Data records:

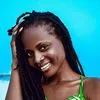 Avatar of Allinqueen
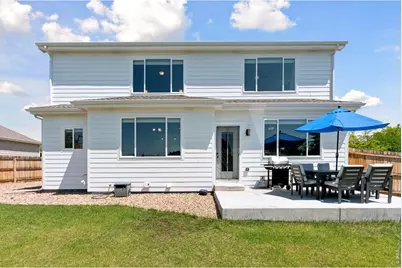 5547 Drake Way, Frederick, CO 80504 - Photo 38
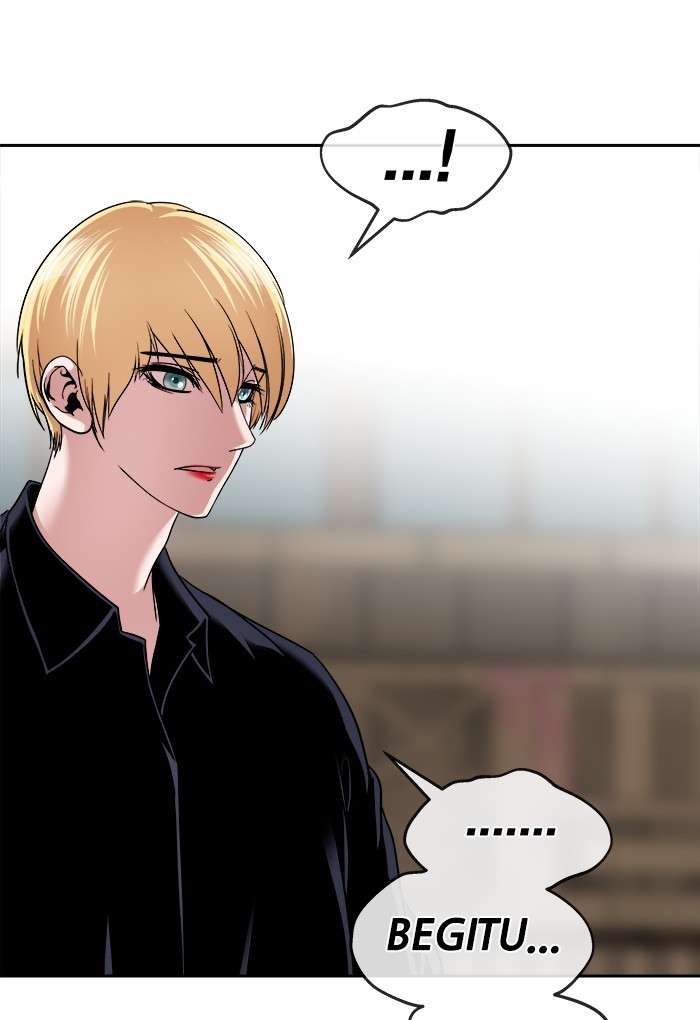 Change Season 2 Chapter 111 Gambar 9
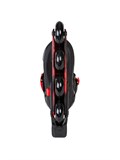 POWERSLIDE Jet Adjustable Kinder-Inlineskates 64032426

---

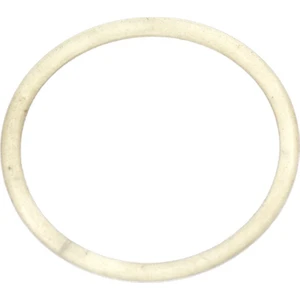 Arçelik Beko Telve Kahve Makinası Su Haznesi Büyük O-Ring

Work required: Within the listing above, copy exactly the lines that start at the one with "Change Season 2 Chapter 111 Gambar 9" and continue through the one with "POWERSLIDE Jet Adjustable". Omit pictures.

Response to this exercise:
 Change Season 2 Chapter 111 Gambar 9
 POWERSLIDE Jet Adjustable Kinder-Inlineskates 64032426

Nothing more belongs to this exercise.